MKSAP quiz: Type 2 diabetes, heart failure, and kidney disease

This month's quiz asks readers to evaluate and choose a medication for a patient with type 2 diabetes who was recently hospitalized with a myocardial infarction and heart failure.

A 58-year-old woman is evaluated for further management of type 2 diabetes mellitus after hospital discharge. She was hospitalized with a myocardial infarction and subsequent coronary stenting, and her hospital course was complicated by heart failure. Her hemoglobin A1c level was 8.2% while hospitalized. Hyperglycemia was treated with insulin. Her medical history is significant for hypertension, dyslipidemia, obesity, and idiopathic pancreatitis. Medications are metformin, lisinopril, carvedilol, atorvastatin, furosemide, aspirin, and clopidogrel.

On physical examination, vital signs are normal. BMI is 29.

Laboratory studies show an estimated glomerular filtration rate of 52 mL/min/1.73 m2 and blood glucose level of 202 mg/dL (11.2 mmol/L).

Which of the following is the best additional treatment for diabetes mellitus?

A. Empagliflozin
B. Glipizide
C. Liraglutide
D. Pioglitazone

Reveal the Answer

MKSAP Answer and Critique

The correct answer is A. Empagliflozin. This item is available to MKSAP 19 subscribers as item 15 in the Endocrinology and Metabolism section. More information about MKSAP is online.
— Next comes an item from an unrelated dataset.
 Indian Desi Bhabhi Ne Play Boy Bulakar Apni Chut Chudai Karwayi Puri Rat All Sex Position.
This patient would be best treated with empagliflozin (Option A). This sodium-glucose cotransporter 2 (SGLT2) inhibitor blocks renal glucose reabsorption and promotes the excretion of glucose and sodium via glycosuria, thus lowering blood glucose levels. The FDA approved empagliflozin for reduction of cardiovascular death in adults with type 2 diabetes mellitus and atherosclerotic cardiovascular disease. Also, the American Diabetes Association recommends that an SGLT2 inhibitor be considered in patients with type 2 diabetes and established heart failure with preserved or reduced ejection fraction to reduce the risk for worsening heart failure, heart failure-related hospitalization, and cardiovascular death. Because empagliflozin is renally cleared, considerations for renal dose adjustment are required. The marked benefit in cardiac and renal protection of this drug class must be balanced against the risks of euglycemic diabetic ketoacidosis, increased urinary tract infections, genital fungal infections, and increased rate of lower limb infection, ulceration, and amputations.
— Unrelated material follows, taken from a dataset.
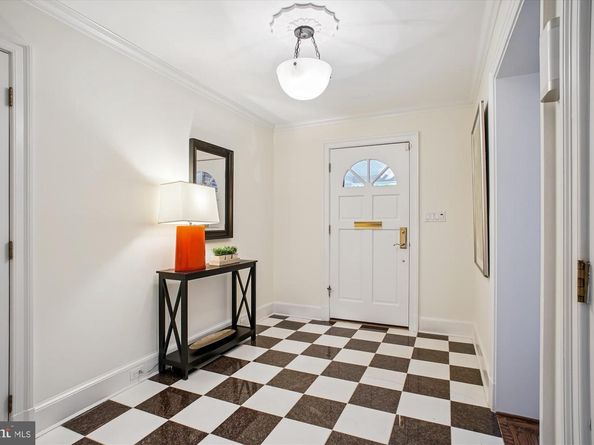 2907 Dartmouth Road, Alexandria VA 22314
Glipizide (Option B) is a sulfonylurea. This drug class stimulates β-cell insulin secretion from the pancreas. Although the sulfonylureas initially are effective and inexpensive, they lose their efficacy as a result of gradual β-cell loss. They also cause weight gain, potentially contributing to further insulin resistance.
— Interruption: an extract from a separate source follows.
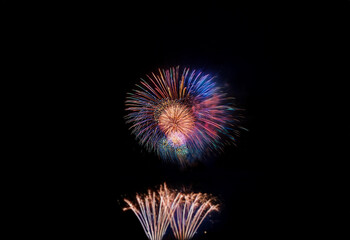 Fototapeta premium A vibrant burst of fireworks against a dark, isolated background, revealing a dazzling array of colors and shapes.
Liraglutide (Option C) is a glucagon-like peptide 1 receptor agonist (GLP-1 RA) that acts through several mechanisms, including increased insulin secretion in response to hyperglycemia, reduction of gastric emptying, and reduction of glucagon secretion. Similar to SGLT2 inhibitors, this drug class has also demonstrated significant risk reductions in atherosclerotic cardiovascular disease and diabetic kidney disease. However, based on postmarketing reports of acute pancreatitis in association with GLP-1 RAs, they are not recommended for patients with a history of pancreatitis. Liraglutide has not been shown to reduce the risk for heart failure-related hospitalization.

Pioglitazone (Option D) is part of the thiazolidinedione class and is an insulin sensitizer. Pioglitazone may reduce cardiovascular disease and triglyceride levels; however, it may cause weight gain because of volume retention and an increase in fat mass. In addition, these agents are contraindicated in heart failure, making it a poor choice in this patient.

Key Points

  • The sodium-glucose cotransporter 2 inhibitors and glucagon-like receptor agonists have shown both cardiovascular and renal protective benefits and are excellent options for patients with diabetes mellitus who are at risk for or have established atherosclerotic cardiovascular disease or established diabetic kidney disease.
  • In patients with type 2 diabetes mellitus and established heart failure, a sodium-glucose cotransporter 2 inhibitor may be considered to reduce risk for heart failure hospitalization.